Task objective >> Give the lines again exactly as they appear below, from the line with "Pair of Victorian" to the line with "A professional sending", both included, and only those lines. Leave every picture out.

Data supplied >>
──────────

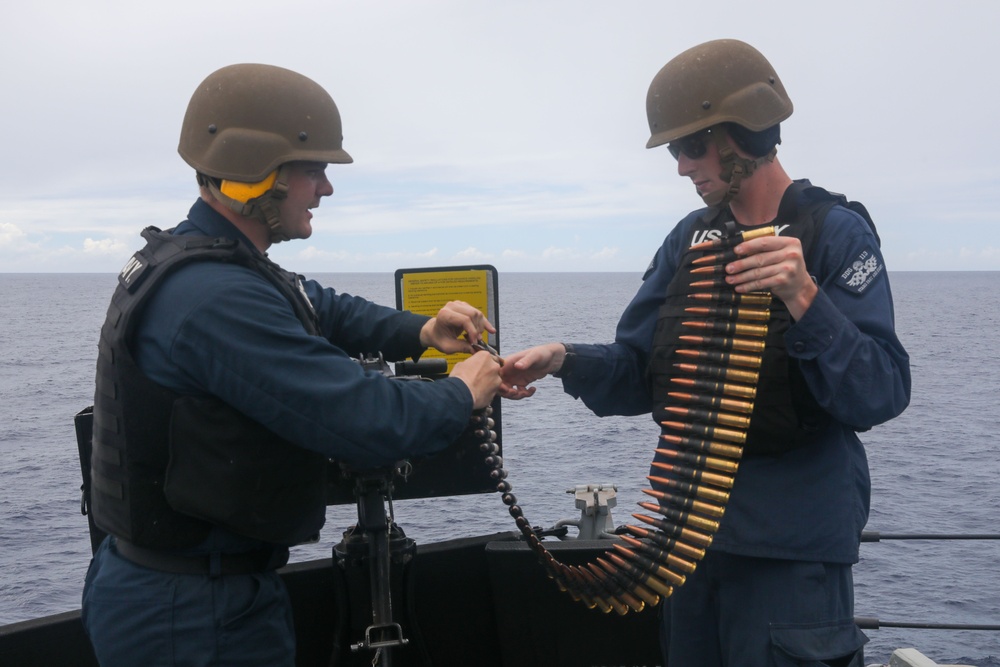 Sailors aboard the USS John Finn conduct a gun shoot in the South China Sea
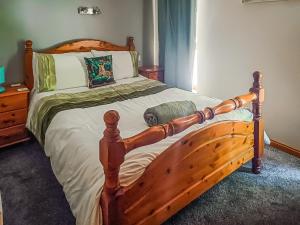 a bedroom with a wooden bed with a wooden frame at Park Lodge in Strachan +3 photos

──────────

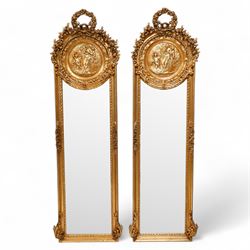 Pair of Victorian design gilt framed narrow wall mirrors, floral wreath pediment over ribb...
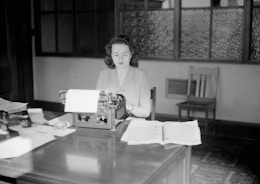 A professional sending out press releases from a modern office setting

──────────

Result of the exercise >>
 Pair of Victorian design gilt framed narrow wall mirrors, floral wreath pediment over ribb...
 A professional sending out press releases from a modern office setting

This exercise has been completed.